- Opening Delimiter -

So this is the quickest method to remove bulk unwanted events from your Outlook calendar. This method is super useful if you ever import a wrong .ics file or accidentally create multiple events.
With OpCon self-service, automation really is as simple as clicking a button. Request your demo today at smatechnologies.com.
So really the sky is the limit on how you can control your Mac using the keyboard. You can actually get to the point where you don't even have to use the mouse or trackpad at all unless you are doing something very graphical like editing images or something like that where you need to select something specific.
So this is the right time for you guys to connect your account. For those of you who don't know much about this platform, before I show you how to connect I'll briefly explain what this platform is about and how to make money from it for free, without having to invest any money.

- Closing Delimiter -
- Opening Delimiter -

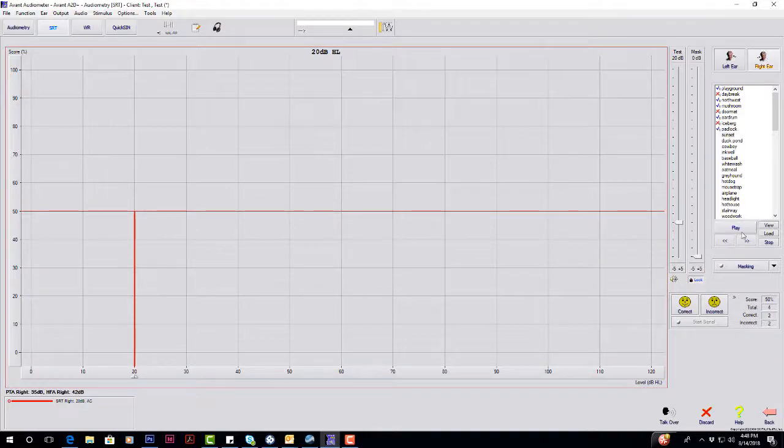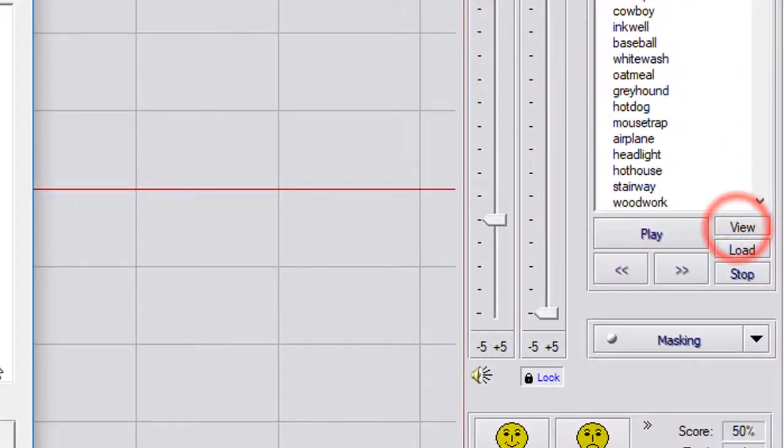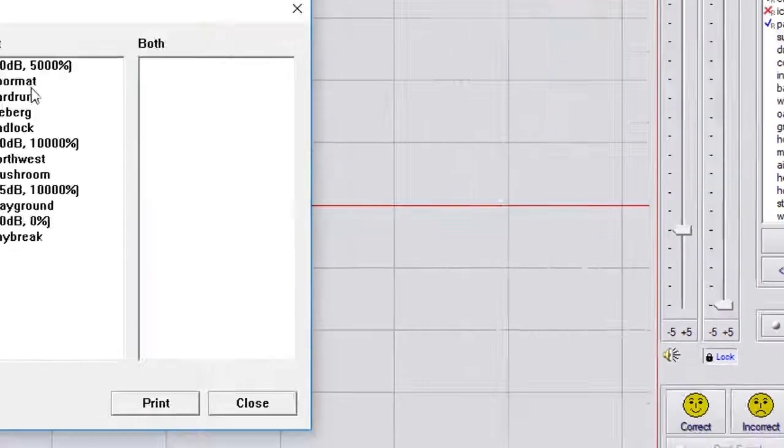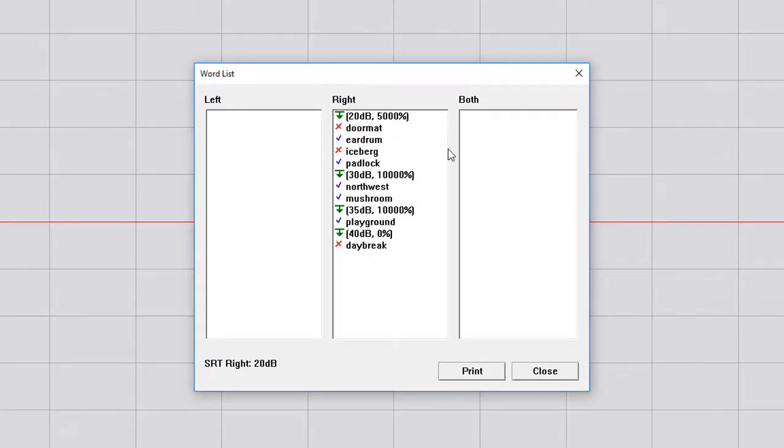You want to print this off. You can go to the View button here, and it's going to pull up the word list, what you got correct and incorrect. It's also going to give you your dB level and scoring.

- Closing Delimiter -
- Opening Delimiter -

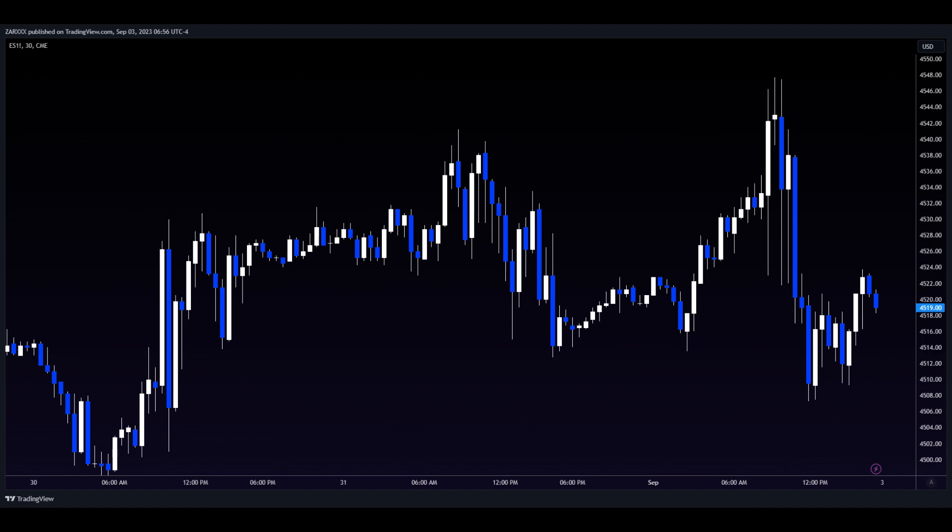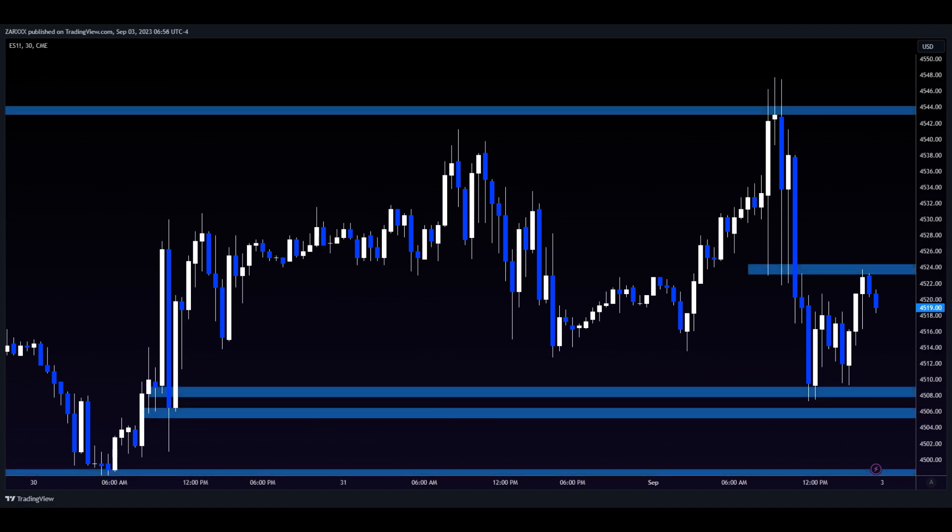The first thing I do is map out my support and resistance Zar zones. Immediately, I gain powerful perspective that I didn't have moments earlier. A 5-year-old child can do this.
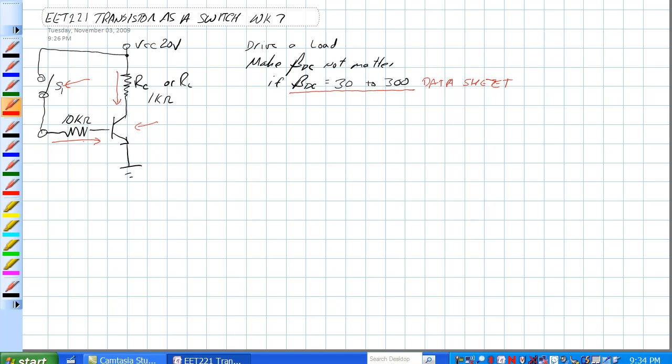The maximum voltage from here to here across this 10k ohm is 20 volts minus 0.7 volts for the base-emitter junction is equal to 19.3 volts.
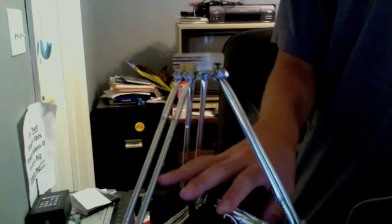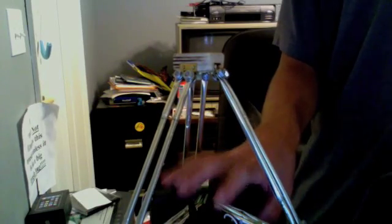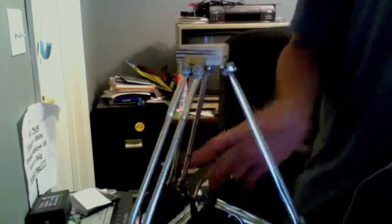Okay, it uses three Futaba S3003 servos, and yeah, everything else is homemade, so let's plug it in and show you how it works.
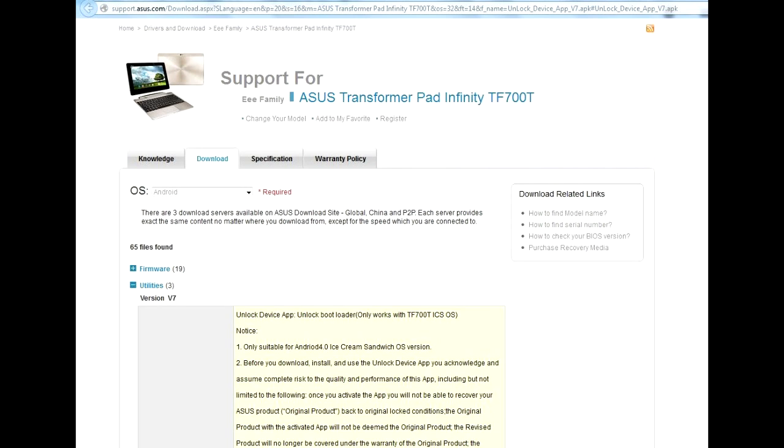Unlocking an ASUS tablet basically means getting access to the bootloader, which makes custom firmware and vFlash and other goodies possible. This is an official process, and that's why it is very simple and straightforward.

- Closing Delimiter -

*Activity:*
Of the lines above, extract only those from the line with "So this is the quickest" to the line with "So this is the right", both included, exactly as written.

*Written solution:*
So this is the quickest method to remove bulk unwanted events from your Outlook calendar. This method is super useful if you ever import a wrong .ics file or accidentally create multiple events.
With OpCon self-service, automation really is as simple as clicking a button. Request your demo today at smatechnologies.com.
So really the sky is the limit on how you can control your Mac using the keyboard. You can actually get to the point where you don't even have to use the mouse or trackpad at all unless you are doing something very graphical like editing images or something like that where you need to select something specific.
So this is the right time for you guys to connect your account. For those of you who don't know much about this platform, before I show you how to connect I'll briefly explain what this platform is about and how to make money from it for free, without having to invest any money.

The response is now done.